Summary of Non-Employee Director and Named Executive Officer Compensation Arrangements

    Director Compensation

        The following table sets forth current rates of cash compensation for non-employee directors:

Annual Retainer:      
  Chairman   $ 75,000
  Non-employee directors other than Chairman   $ 24,000

Committee Chair Annual Retainer:

 

 

 
  Audit Committee   $ 12,000
  Compensation Committee   $ 6,000
  Nominating and Governance Committee   $ 6,000

Board Meeting Attendance Fees

 

$

1,500

Committee Meeting Attendance Fees

 

$

1,500

        In addition to cash compensation, under the terms of our Stock Appreciation Rights and Restricted Stock Plan, non-employee directors receive an annual award of restricted shares of Cascade totaling $60,000 in value following each annual meeting of shareholders. Twenty-five percent of the restricted shares vest and become free of all restrictions after one year and an additional 25% vest following each year of director service thereafter.

        Non-employee directors are also reimbursed for travel and other expenses attendant to membership on the Board of Directors.

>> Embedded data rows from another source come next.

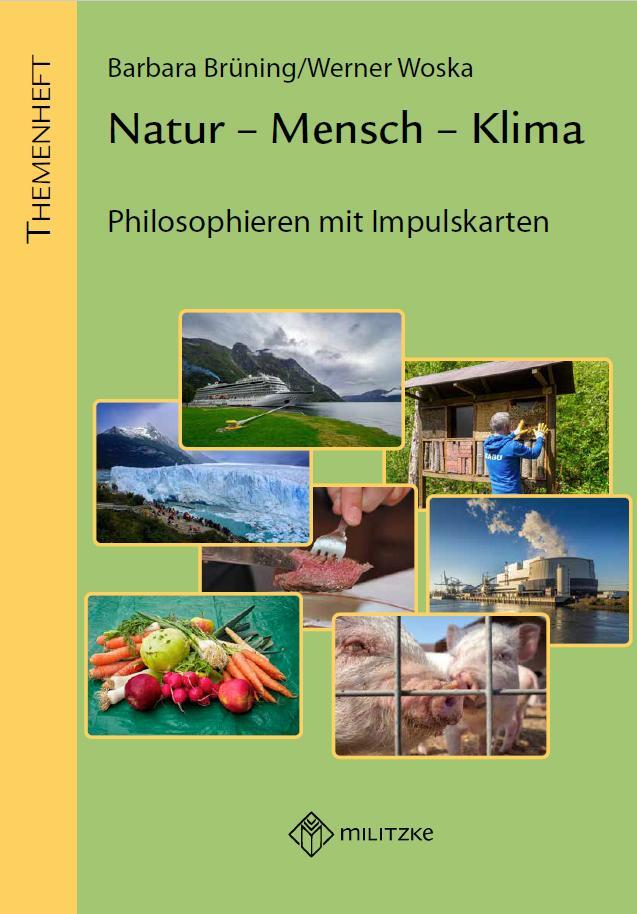 Cover: 9783967210040 | Natur - Mensch - Klima | Philosophieren mit Impulskarten | Stück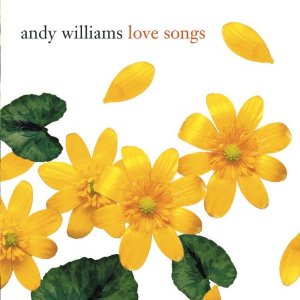 Andy Williams  - Love Songs CD 安迪·威廉斯， 克洛丁娜·隆熱 - 情歌集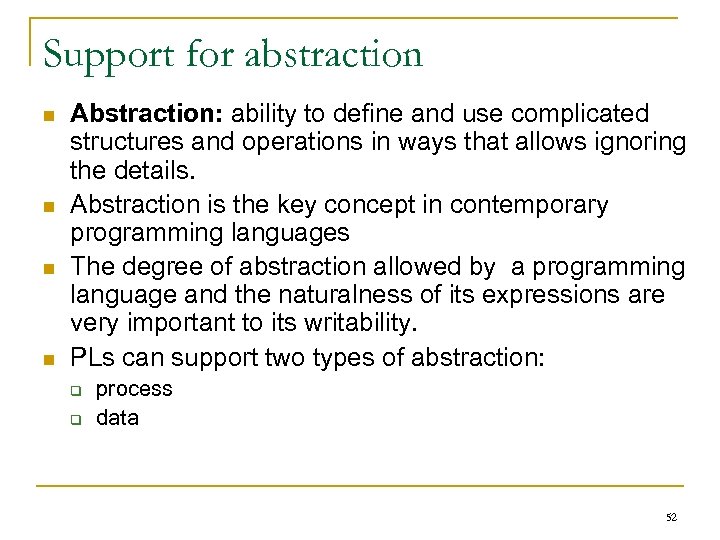 Support for abstraction n n Abstraction: ability to define and use complicated structures and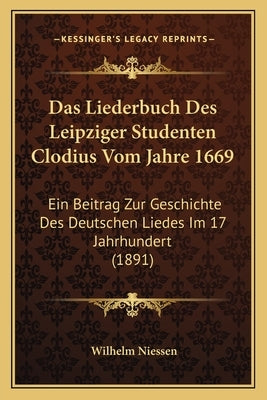 Das Liederbuch Des Leipziger Studenten Clodius Vom Jahre 1669: Ein Beitrag Zur Geschichte Des Deutschen Liedes Im 17 Jahrhundert (1891) by Niessen, Wilhelm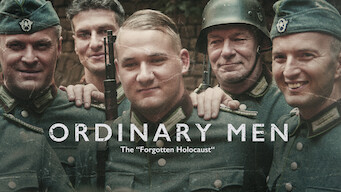 Ordinary Men: The “Forgotten Holocaust” Ordinary Men: The “Forgotten Holocaust” på Netflix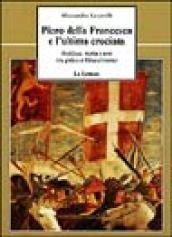 Piero della Francesca e l'ultima crociata. Araldica, storia e arte tra gotico e Rinascimento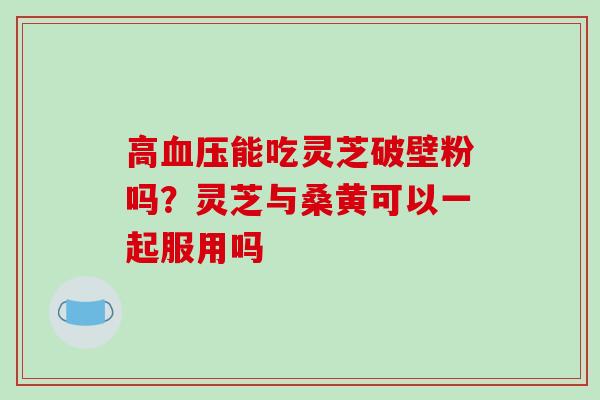 高能吃灵芝破壁粉吗？灵芝与桑黄可以一起服用吗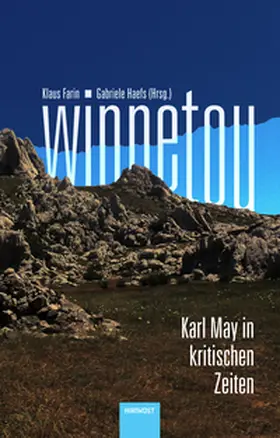 Farin / Haefs |  Winnetou. Karl May in kritischen Zeiten | Buch |  Sack Fachmedien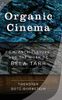 Organic Cinema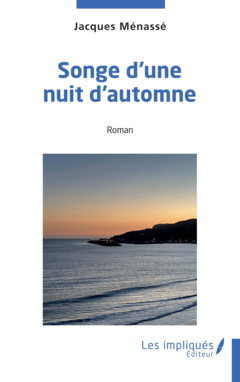 Songe d'une nuit d'automne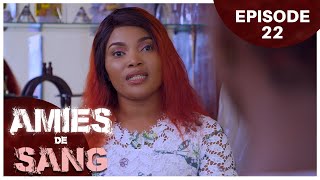 AMIES DE SANG - Episode 22 ( Série Africaine )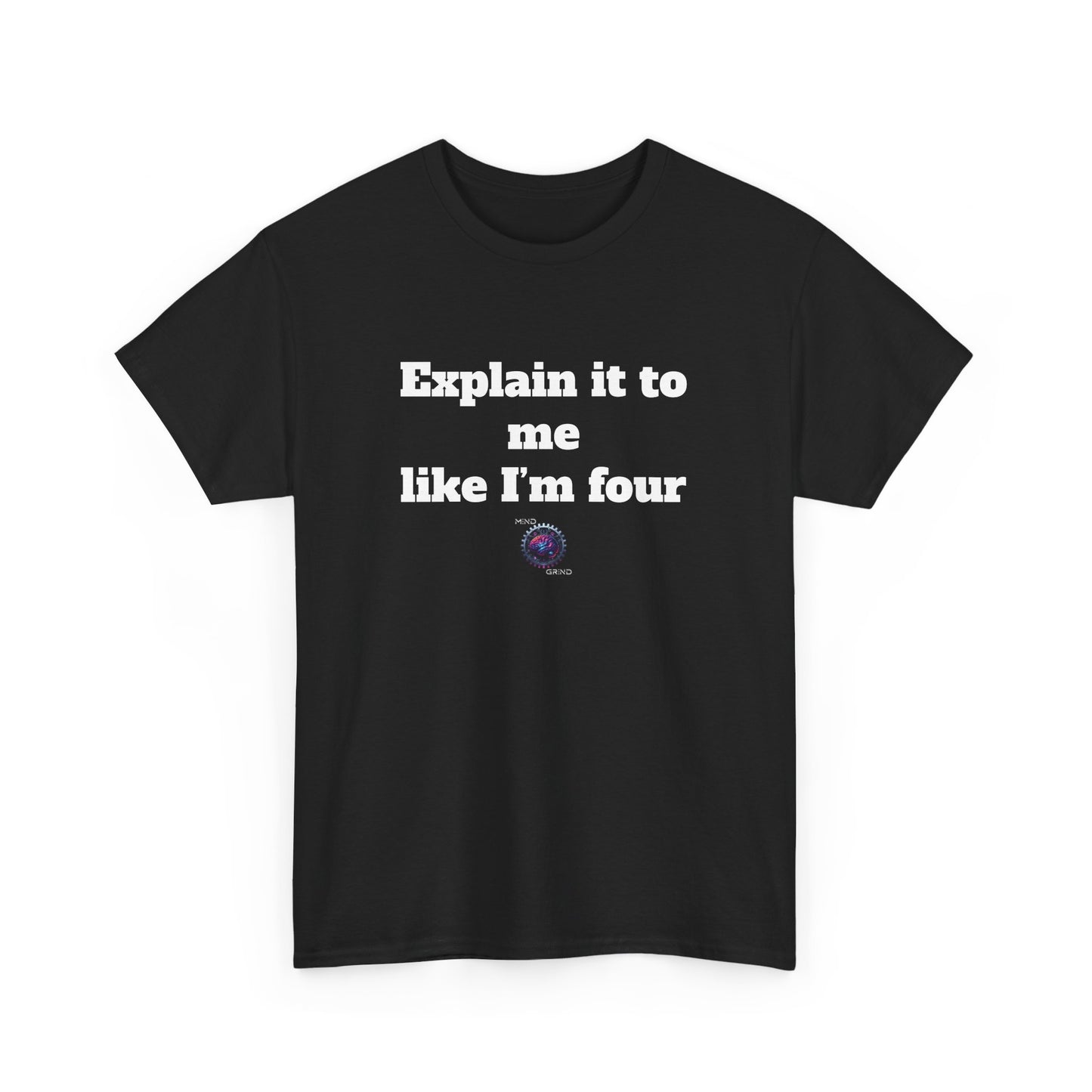 Explain it to me like I'm four - Unisex Heavy Cotton Tee - Small Logo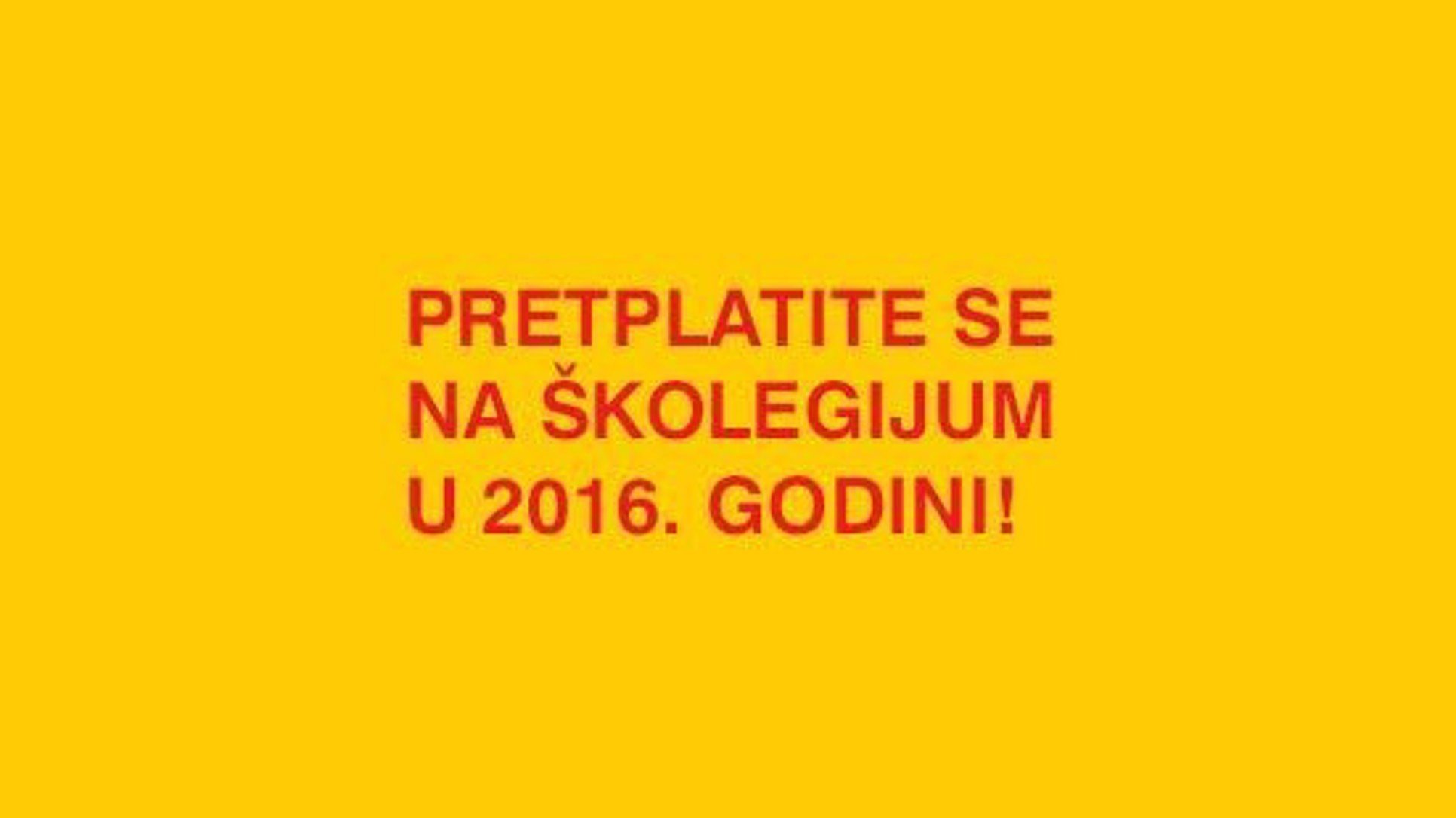 PRETPLATITE SE NA ŠKOLEGIJUM U 2017. GODINI!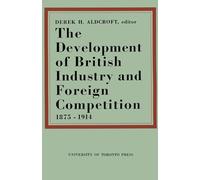 The Development of British Industry and Foreign Competition 1875-1914 (Heritage)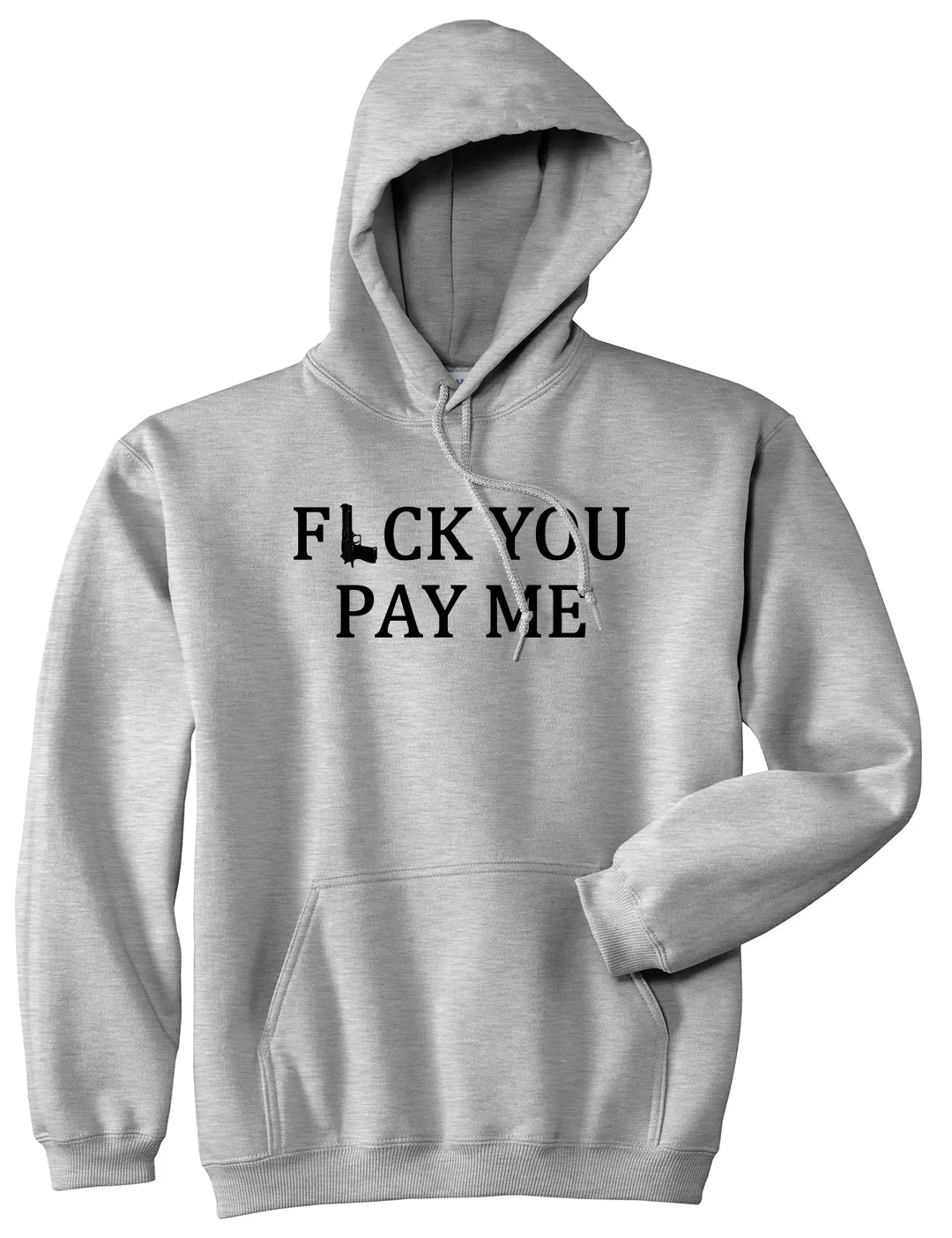 Fck You Pay Me Gun Mens Pullover Hoodie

    Executive Compensation

        Base Salary.    All of Cascade's named executive officers are at-will employees whose compensation and employment status may be changed at any time by the Board of Directors. Base salary increases are determined annually by the Board of Directors and become effective on February 1 of each year. The following table sets forth the current base salaries of Cascade's executive officers and their titles as of the date of filing of Cascade's Form 10-K:

Named Executive Officer
  Fiscal 2009
Base Salary

Robert C. Warren, Jr., President and Chief Executive Officer   $ 540,000
Richard S. Anderson, Senior Vice President and Chief Financial Officer     300,000
Gregory S. Anderson, Senior Vice President-Human Resources(1)     200,000
Joseph G. Pointer, Vice President-Finance     206,000
Jeffrey K. Nickoloff, Vice President-Corporate Manufacturing     186,000

(1)
Mr. Anderson will retire effective June 30, 2008. See additional discussion under "Retirement Agreement-G.S. Anderson" below.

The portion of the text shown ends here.